Interesting i thought you needed the photons.
back to the question though or else RadicalPi won’t like us. How can light be a wave or particle depending on the experiment?

What’s the problem with that? I’m an uncle, a son, and a brother, depending on the person describing my relationship. I guess you could say I have uncle-brother-son duality (triality?). But an uncle, a brother, and a son are three different things, and there is no single person to whom I’m both an uncle and a brother.

yes but science is different don’t you think. waves and particles behave differentley.
Why would they not do an experiment that turns out one reult that can be made fact.

Because light (and other fundamental objects) are neither particles or waves in our normal everyday conception of them. Instead, they have properties that are both particle-like (discrete properties) and wave-like (they interact stochastically based upon a probability distribution and interference). This gives rise to the supposed paradox of particle/wave duality, but in fact, the paradox is only in our definition, as we have chosen to call elementary objects “particles” instead of using a neologism like “blobicles” to identify their unique properties. (The reason for this is historical and grounded in an effort to attempt to describe elementary particles in terms of classical phenomena.) Chronos’s analogy is appropriate; depending on the type of interaction you are modeling, you may treat a photon or electron as a discrete particle or a very tightly controlled waveform (called a wave packet). Like Chronos being a brother and uncle, the difference is in from what perspective you are looking at the interaction.
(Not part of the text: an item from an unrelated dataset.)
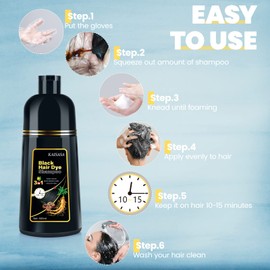 Black Hair Dye Shampoo 3 in 1, Natural Hair Dye, Semi-Permanent Hair Colour, Grey Hair Coverage, Anti Grey Effect Shampoo for Coloured Hair for Women and Men (500 ml)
As for why interference with a system is always via photon, that is very simple: photons are bosons that carry the electromagnetic force, and this is the only force by which we can directly observe (and hence, interact with) other objects. Every sense that we, as human beings, experience, is some variation of a transfer of energy and information via the electromagnetic force; light (direct impingement on photon-sensing organs), heat (via radiation, convection, and conduction), sound (conduction), smell (electrochemical interaction with free-floating elements and molecules), and touch (electrostatic repulsion). Although gravity is definitely a part of our everyday world, it may be a surprise to many that we can’t directly observe it, either on a discrete or gross level; individual gravity wave packets (gravitons) or small gradients in the field are too low of an energy level to sense, and the effects we feel or observe from the effects of gravity such as falling onto pavement or watching a ball arc in a ballistic curve are inferred from electromagnetic reactions. The nuclear interactions happen on such a scale that we never directly observe them in normal conditions, and the amount of energy required to create a medium of free fundamental nuclear particles (quarks) and the more energetic leptons like the muon and tau particles) is far larger than exist in anything other than exotic high energy environments or particle accelerators.

Half Man Half Wit is also correct when he states that the multitude of interpretations that try to make something mystical about observations and their effects upon the outcome of an experiment are missing a fundamental point. While an unperturbed system will show distributed, wave-like phenomena, i.e. the two slit experiment without prior observation will show a distribution of electron that is consistent with wave interaction (even if you only allow one electron through at a time, precluding hypothetical interactions between electron), detecting the presence or absence of the electron “forces” it to take on path or the other, because the act of detecting it (or not) has influenced its behavior. This may seem counterintuitive, as we expect that the same action happens whether we are there to observe it or not per the normal rules of causality. However, causality is broken or at least severely traumatized on the quantum level, and interactions can occur that are distinctly non-causal. This causes a lot of distress for people who expect “particles” on the fundamental level to behave the same way as particles in everyday observation, but in fact, they’re two different types of objects. The lack of causality (or at least, local causality) on the quantum level isn’t really problematic, as for reasons too complicated to explain no useful information can be conferred by such channels and the sum of all events in a system are such that such non-causal events are loss in the noise (decoherence) such that everyday objects like a baseball approximate causal interaction down to any level of resolution that looks at the system or any major part of it. For that reason, gedankenexperiments like the Schrödinger’s Cat concept serve to highlight the absurdities of applying quantum phenomena to macroscale world behavior rather than present any genuine paradoxes. Or in other words, “things work different down there.”